Al Zouhry dit : « ‘Othman gouverna douze ans. Les six premières années se déroulèrent sans problème. Les qurayshites préféraient même ‘Othman à son prédécesseur du fait de son caractère plus libéral. La seconde partie de son règne, qui conduira à son assassinat, sera marquée par ce que les historiens ont appelé la fitna ».

Nous avons déjà évoqué le sujet de la fitna dans notre rubrique sur l’histoire musulmane accessible en ligne. Ce que nous retenons c’est qu’une opposition violente et aux arguments relativement faibles s’est développée dans plusieurs villes du Califat sous l’instigation d’agitateurs politico-religieux, notamment un certain Ibn Saba.

Les accusations des détracteurs d’Othman paraissent totalement grotesques aujourd’hui ; pourtant elles trouvèrent un écho et demeurent révélatrices de la méthode kharijite. Celle-ci a consisté à décrédibiliser Othman religieusement, via l’accusation d’innovation, et politiquement, via l’accusation de favoritisme, puis de l’accuser d’infidélité à Dieu pour finalement légitimer la violence et le meurtre.

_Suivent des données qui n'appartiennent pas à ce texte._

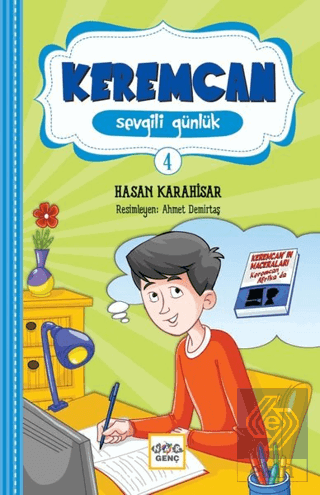 Keremcan 4 - Sevgili Günlük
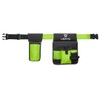 VERTO Garden Belt with Bum Bag, with Clip Closure, Garden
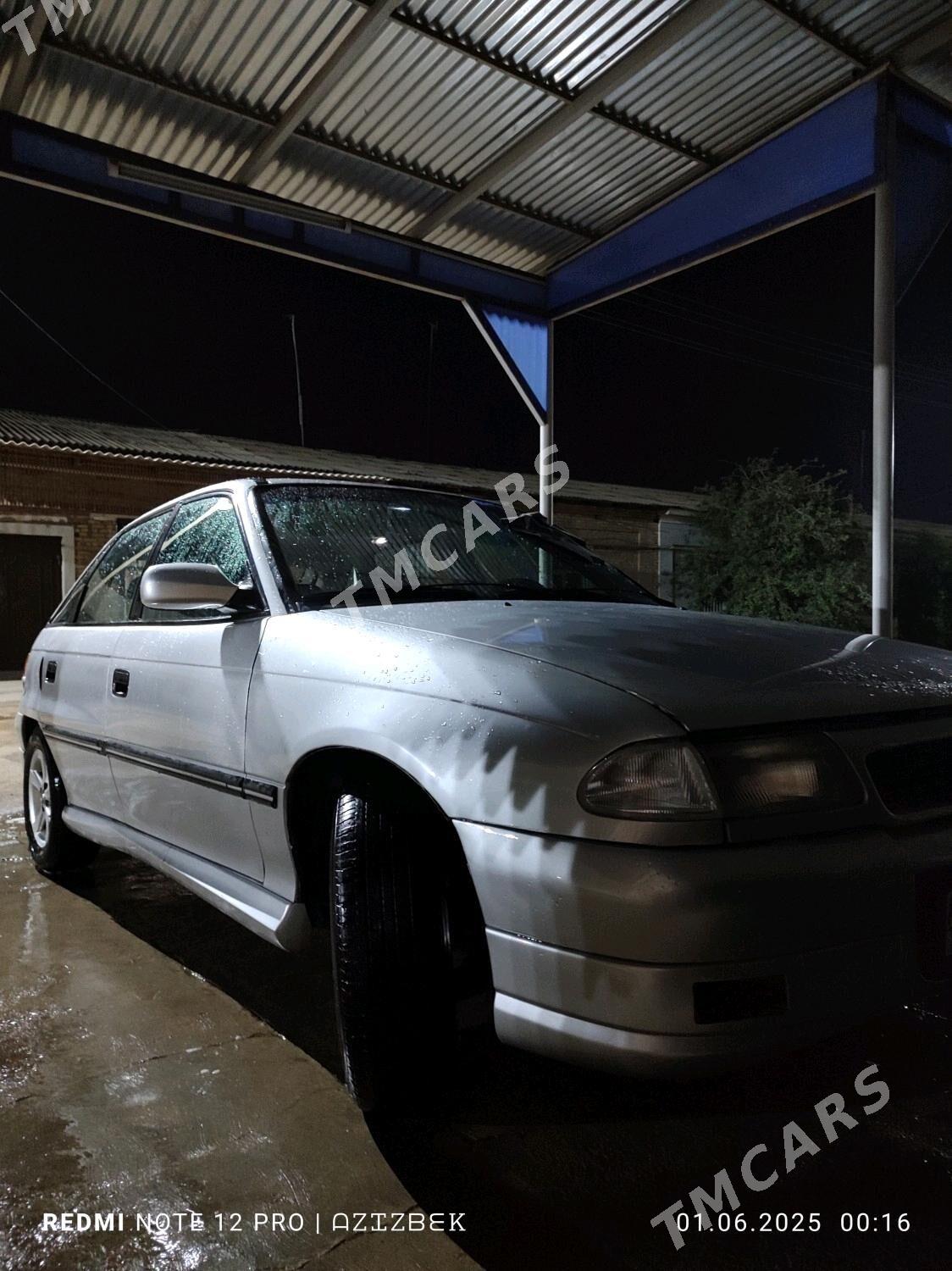 Opel Astra 1992 - 40 000 TMT - Daşoguz - img 5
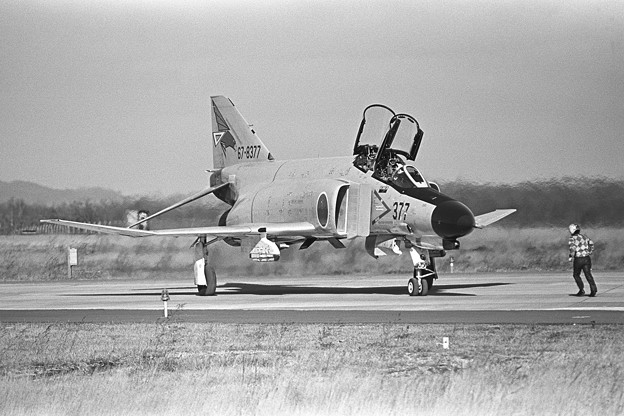 F-4EJ 8377 302sq CTS 1979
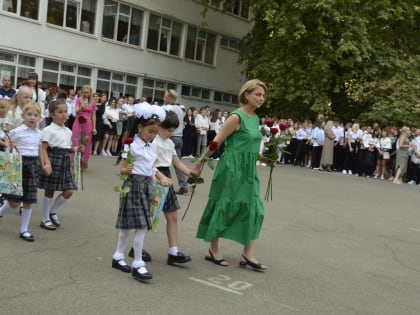 Школу №4 в Анапе закрыли на карантин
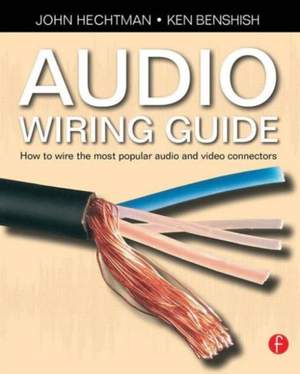 Audio Wiring Guide: How to wire the most popular audio and video connectors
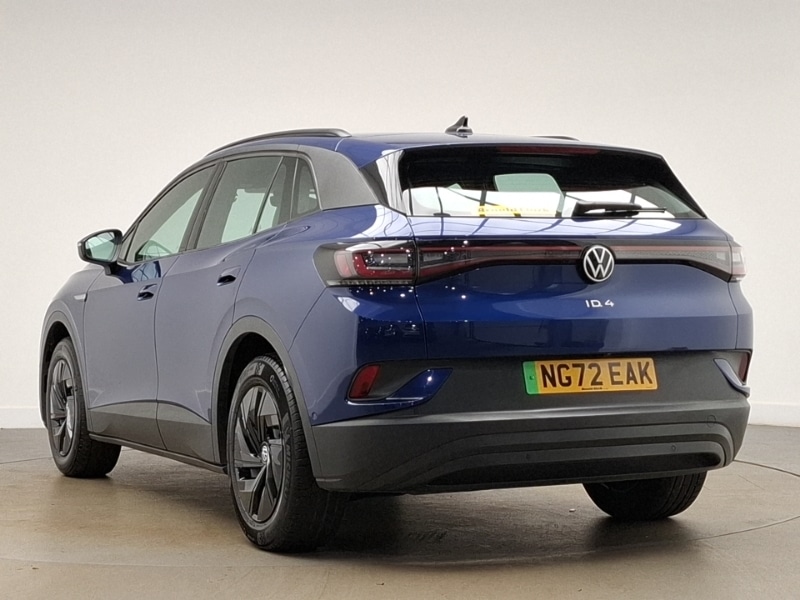 Used Volkswagen ID4 2022 for sale - 76075080: Photo 3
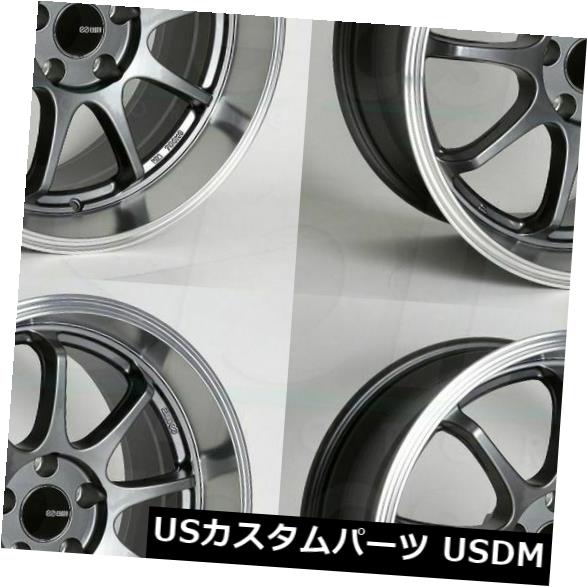 海外輸入ホイール 4-New 18 \
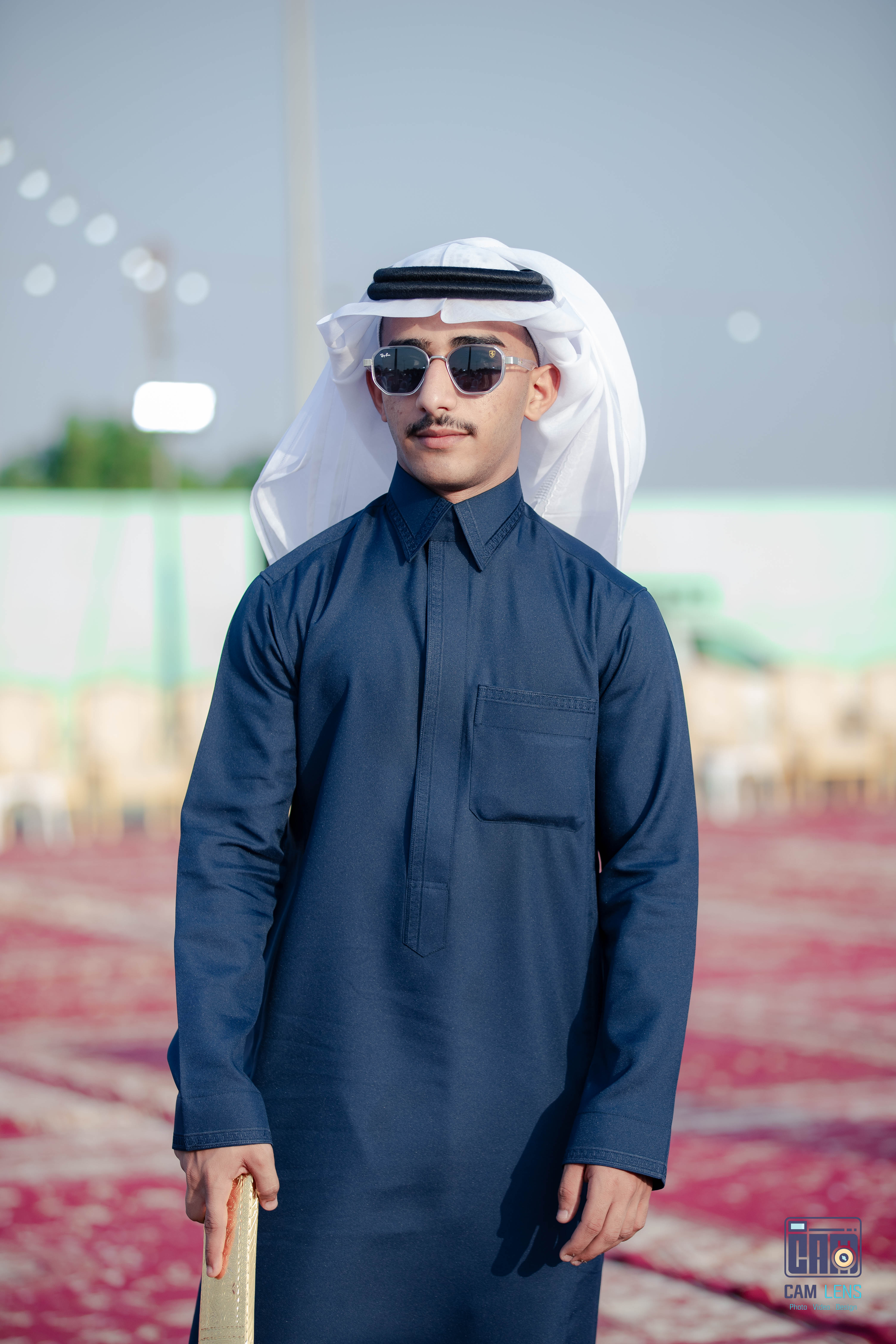 زواج: سنان حسن العمري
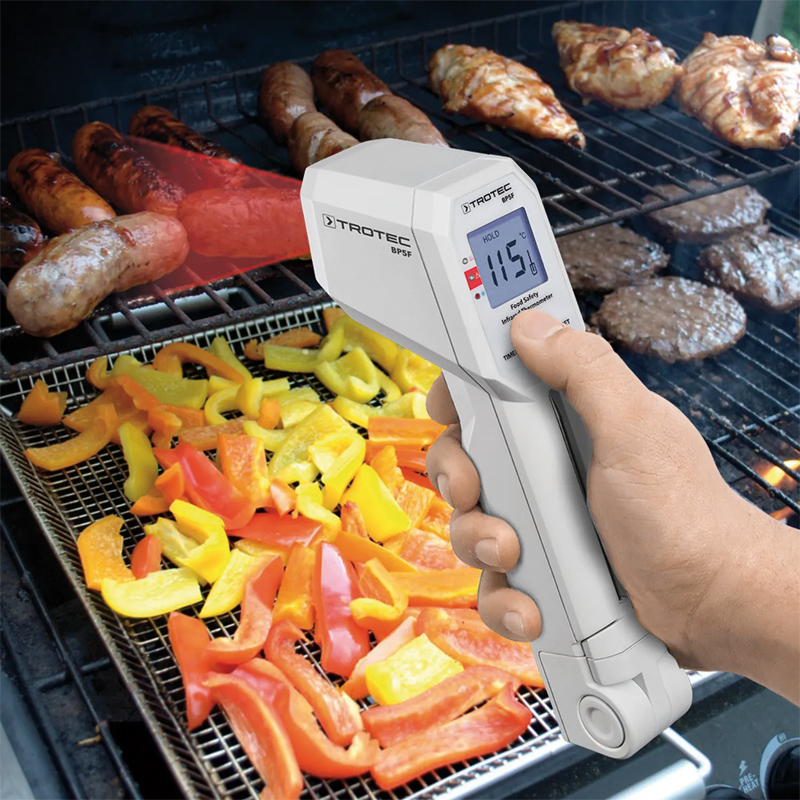 Termometru alimentar, Trotec, BP5F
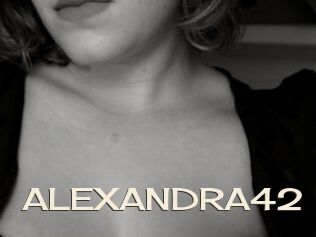 ALEXANDRA42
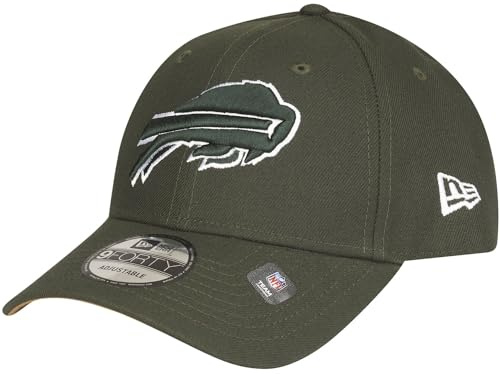 New Era 9Forty Snapback Cap - NFL Buffalo Bills Seaweed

Les rebelles taxèrent ainsi ce grand compagnon et gendre du Prophète (paix et salut sur lui) d’être un innovateur en lui reprochant d’interpréter des directives du Prophète (paix et salut sur lui) et de ne pas les observer littéralement. Ainsi ciblèrent-ils Othman pour les prières qu’il ne raccourcit pas lors de ses séjours à La Mecque, pour les enclos qu’il fit bâtir pour abriter les chameaux abandonnés et pour l’uniformisation de l’écriture du Coran. Or Othman était plus à même de comprendre les objectifs et les circonstances des textes, l’évolution du contexte et l’intérêt général, qui permettait de prendre du recul vis-à-vis d’une approche littérale., et il était soutenu dans ses décisions par la majorité des compagnons.

Sur le plan politique, les principaux griefs des rebelles étaient la nomination par Othman de jeunes à des postes à responsabilité et le fait que celui-ci faisait des dons importants à sa famille. Pour ce qui est des nominations, Othman faisait primer le critère de compétence sans regard à l’âge des responsables ; et pour ce qui est des dons, ceux-ci provenaient des fonds personnels d’Othman acquis à l’époque où il était commerçant et jamais du trésor public.

Nous voyons que les arguments des détracteurs du calife étaient infondés. Par ailleurs, nous voyons que la foi de ceux-ci était pour le moins défaillante. En effet, comment croire que le Prophète (paix et salut sur lui) était préservé par Allah et guidé par Lui, et qu’il ait pu choisir un si mauvais compagnon et un si mauvais gendre ?

 

Les facteurs ayant favorisé la fitna

Le chaykh et historien Ali Al Salabi considère que l’agitation politique ou fitna a pu prendre de l’ampleur du fait de six facteurs que sont :

1) L’accroissement des richesses dues aux conquêtes, celles-ci encourageant les convoitises d’opportunistes,

2) Les changements brutaux de la société provoqués par l’élargissement très rapide du royaume, et qui aurait nécessité une adaptation aussi rapide du système politique,

3) L’émergence d’une nouvelle génération qui n’a pas connu le Prophète (paix et salut sur lui), ce qui a créé une forme de clivage générationnel et un problème de communication,

4) Le décès et l’expatriation d’une majorité de compagnons, qui de ce fait n’ont pu être présent dans la capitale, Médine, pour soutenir Othman et faire front commun face aux opposants,

5) Le retour de l’esprit clanique/tribal qui était en vogue dans la Jahiliya et que le Prophète (paix et salut sur lui) avait pourtant combattu farouchement, ouvrant la porte aux divisions et aux tensions intertribales,

6) La montée en puissance d’un leader radical de l’opposition en la personne d’Ibn Saba.